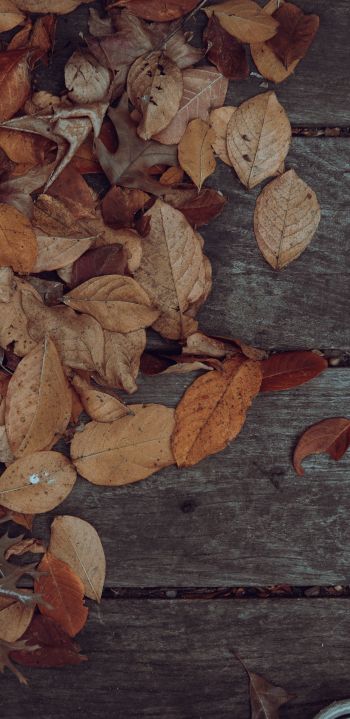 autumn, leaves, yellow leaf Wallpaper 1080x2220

* * *

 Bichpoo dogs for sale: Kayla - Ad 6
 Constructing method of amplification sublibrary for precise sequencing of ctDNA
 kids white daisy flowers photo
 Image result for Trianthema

◆ Task goal: Only one stretch of the data above is needed. Restate it word for word, from the line containing "Bichpoo dogs for sale: Kayla - Ad 6" through the line containing "Image result for Trianthema", both ends included.

◆ Response:
 Bichpoo dogs for sale: Kayla - Ad 6
 Constructing method of amplification sublibrary for precise sequencing of ctDNA
 kids white daisy flowers photo
 Image result for Trianthema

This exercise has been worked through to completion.